Alex turned to Superintendent Blake. ‘No, so that rules out what might have been our obvious assumption. So what else? Lola was young, attractive, but obviously highly vulnerable. Who might have wanted to make her suffer in this way, and did that person know her? Lola’s mobile phone is missing. The service provider has drawn a blank. She owned a laptop, but it wasn’t in her room at her grandmother’s house when officers carried out a search there. Dan,’ she continued, nodding to a uniformed officer sitting close by, ‘you went to the house, didn’t you? If you could give feedback.’

Daniel Mason was a detective constable recently transferred from another unit. A few years older than Alex, he was one of the few men she’d encountered on the force who didn’t seem to mind taking instruction from a woman younger than him. Ribald station banter often revealed more truth than anyone liked to admit. Dan had shown her nothing but respect and had fitted into the team as if they’d already known him for years.

‘Not much to report back, I’m afraid,’ Dan said, turning in his seat so that he was able to face the rest of their colleagues. ‘Laptop missing, as DI King said. No signs that Lola had been planning on going anywhere – no great amount of clothes missing and her passport was in the bedside drawer. There’s a suggestion from her grandmother that she might have had a boyfriend, although she doesn’t seem too sure about it. The bag of equipment Lola used for her beautician’s job was in her room, so she hadn’t been working for around two and a half weeks.’

‘Not at that job, anyway,’ Chloe chipped in. ‘Didn’t her nan suggest she might have been making money in other ways?’

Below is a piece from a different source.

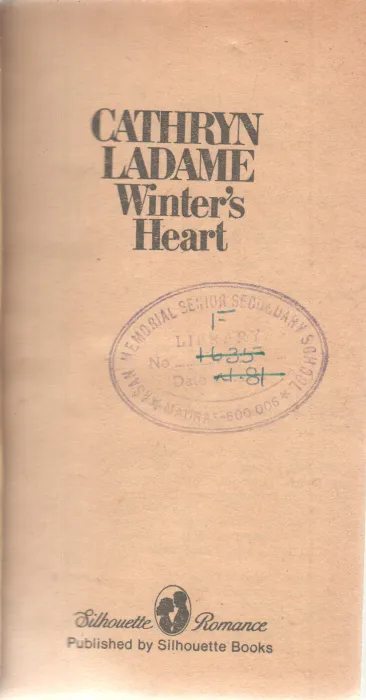 WINTER'S HEART BY CATHRYN LADAME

The superintendent cut in before Alex could respond. ‘I don’t want us to spend too much time speculating on what other source of income she might have had, at least not until we’ve got some facts. I don’t want anything to skew our perception of this young woman, OK?’

Alex nodded in agreement. ‘The fact of the matter is, she was brutalised and whoever was capable of inflicting this kind of suffering on another human being needs catching.’

‘He could do with a bit more than that,’ Chloe muttered.

‘Before he does it again?’ Dan asked.

Alex sighed. ‘Let’s hope not. And let’s not rule out the fact that “he” could be “she”.’

She gestured to the other images on the board; in particular, to the close-up shots of Lola’s hands and the bloodied fingertips from which her nails had been pulled out. ‘This kind of torture is inflicted deliberately, with intent. Why the nails? Any link to her work as a beautician?’

‘What?’ piped up one of the younger male officers at the back of the room. ‘She gave someone a dodgy manicure and they decided to get their own back?’

Alex wasn’t in the mood for attempts at humour, particularly when they were in such bad taste. Her lip curled, as it often did when she was unimpressed. The look was enough to cast an uncomfortable silence over the room, especially when it was reinforced by the superintendent. If nothing else, the comment allowed her to allocate the task of watching the two weeks’ worth of CCTV footage requested from Cardiff City Council.

‘Her hair was cut off,’ Alex continued, drawing the focus away from the young constable. ‘Why?’